Furthermore, a fifth coding mode exists which can by any mix of modes 1 to 4. In particular, a mix coding mode will exist when the mixer 1220 in FIG. 6 receives channels directly from the USAC decoder and, additionally, receives channels with pre-rendered objects from the USAC decoder. Furthermore, in this mixed coding mode, objects are encoded directly using, advantageously, a single channel element of the USAC decoder. In this context, the object renderer 1210 will then render these decoded objects and forward them to the mixer 1220. Furthermore, several objects are additionally encoded by an SAOC encoder so that the SAOC decoder will output rendered objects to the mixer and/or rendered channels when several channels encoded by SAOC technology exist.

Each input portion of the mixer 1220 can then, exemplarily, have at least a potential for receiving the number of channels such as 32 as indicated at 1205. Thus, basically, the mixer could receive 32 channels from the USAC decoder and, additionally, 32 pre-rendered/mixed channels from the USAC decoder and, additionally, 32 “channels” from the object renderer and, additionally, 32 “channels” from the SAOC decoder, where each “channel” between blocks 1210 and 1218 on the one hand and block 1220 on the other hand has a contribution of the corresponding objects in a corresponding loudspeaker channel and then the mixer 1220 mixes, i.e., adds up the individual contributions for each loudspeaker channel.

In a embodiment of the present invention, the encoding/decoding system is based on an MPEG-D USAC codec for coding of channel and object signals. To increase the efficiency for coding a large amount of objects, MPEG SAOC technology has been adapted. Three types of renderers perform the task of rendering objects to channels, rendering channels to headphones or rendering channels to a different loudspeaker setup. When object signals are explicitly transmitted or parametrically encoded using SAOC, the corresponding object metadata information is compressed and multiplexed into the encoded output data.

In an embodiment, the pre-renderer/mixer 200 is used to convert a channel plus object input scene into a channel scene before encoding. Functionally, it is identical to the object renderer/mixer combination on the decoder side as illustrated in FIG. 4 or FIG. 6 and as indicated by the object processor 1200 of FIG. 2. Pre-rendering of objects ensures a deterministic signal entropy at the encoder input that is basically independent of the number of simultaneously active object signals. With pre-rendering of objects, no object metadata transmission may be used. Discrete object signals are rendered to the channel layout that the encoder is configured to use. The weights of the objects for each channel are obtained from the associated object metadata OAM as indicated by arrow 402.

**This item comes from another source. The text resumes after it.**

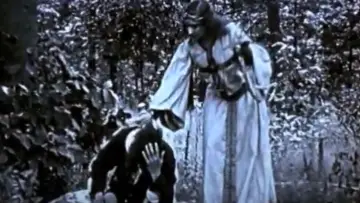 Zasłona do filmu "Robin Hood" #1161541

As a core/encoder/decoder for loudspeaker channel signals, discrete object signals, object downmix signals and pre-rendered signals, a USAC technology is advantageous. It handles the coding of the multitude of signals by creating channel and object mapping information (the geometric and semantic information of the input channel and object assignment). This mapping information describes how input channels and objects are mapped to USAC channel elements as illustrated in FIG. 10, i.e., channel pair elements (CPEs), single channel elements (SCEs), channel quad elements (QCEs) and the corresponding information is transmitted to the core decoder from the core encoder. All additional payloads like SAOC data or object metadata have been passed through extension elements and have been considered in the encoder's rate control.

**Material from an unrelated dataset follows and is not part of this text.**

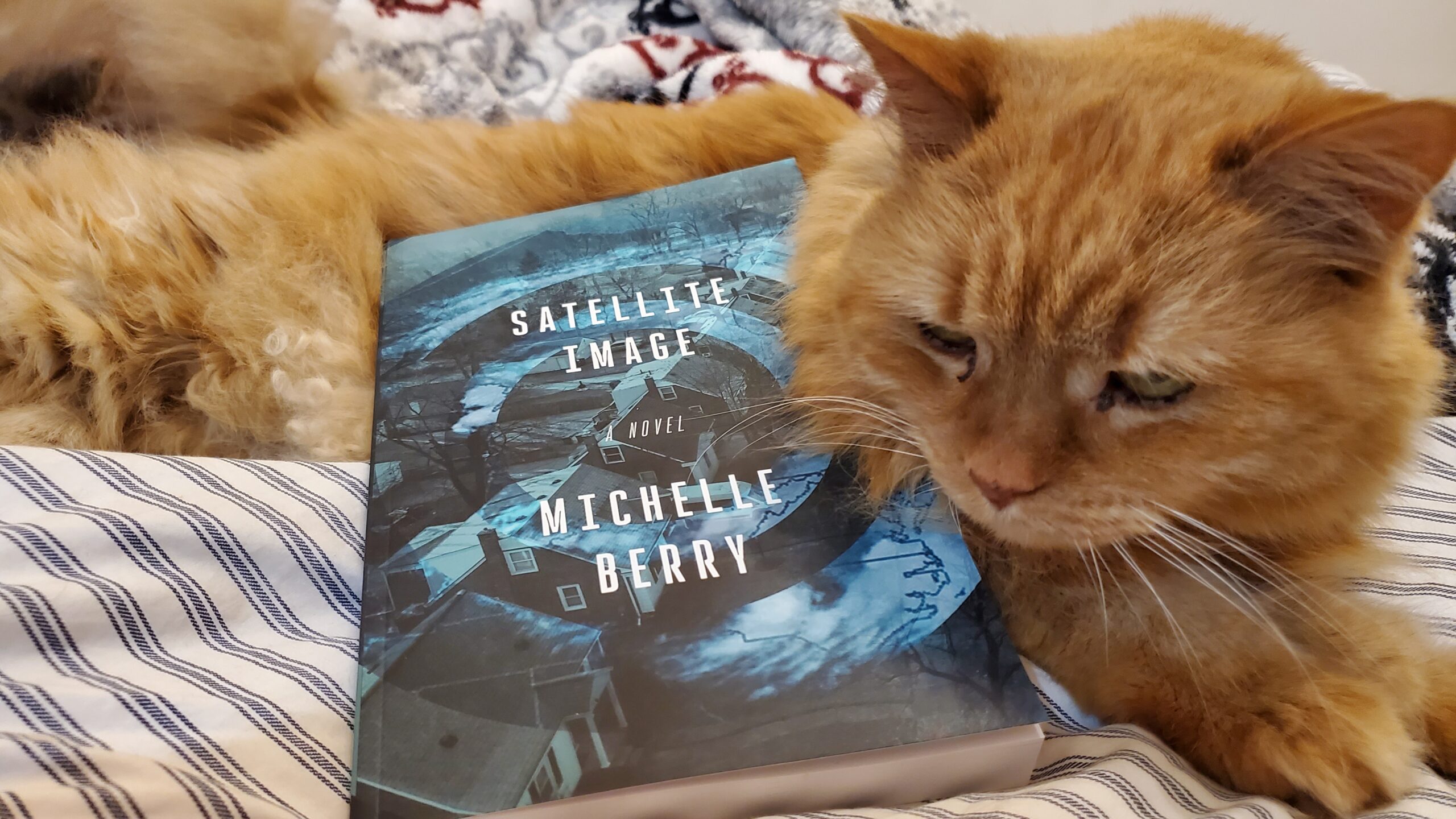 Cinnamon, an orange longhair cat, laying down beside Satellite Image by Michelle Berry.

The coding of objects is possible in different ways, depending on the rate/distortion requirements and the interactivity requirements for the renderer. The following object coding variants are possible:

    • Prerendered objects: Object signals are prerendered and mixed to the 22.2 channel signals before encoding. The subsequent coding chain sees 22.2 channel signals.
    • Discrete object waveforms: Objects are supplied as monophonic waveforms to the encoder. The encoder uses single channel elements SCEs to transmit the objects in addition to the channel signals. The decoded objects are rendered and mixed at the receiver side. Compressed object metadata information is transmitted to the receiver/renderer alongside.
    • Parametric object waveforms: Object properties and their relation to each other are described by means of SAOC parameters. The down-mix of the object signals is coded with USAC. The parametric information is transmitted alongside. The number of downmix channels is chosen depending on the number of objects and the overall data rate. Compressed object metadata information is transmitted to the SAOC renderer.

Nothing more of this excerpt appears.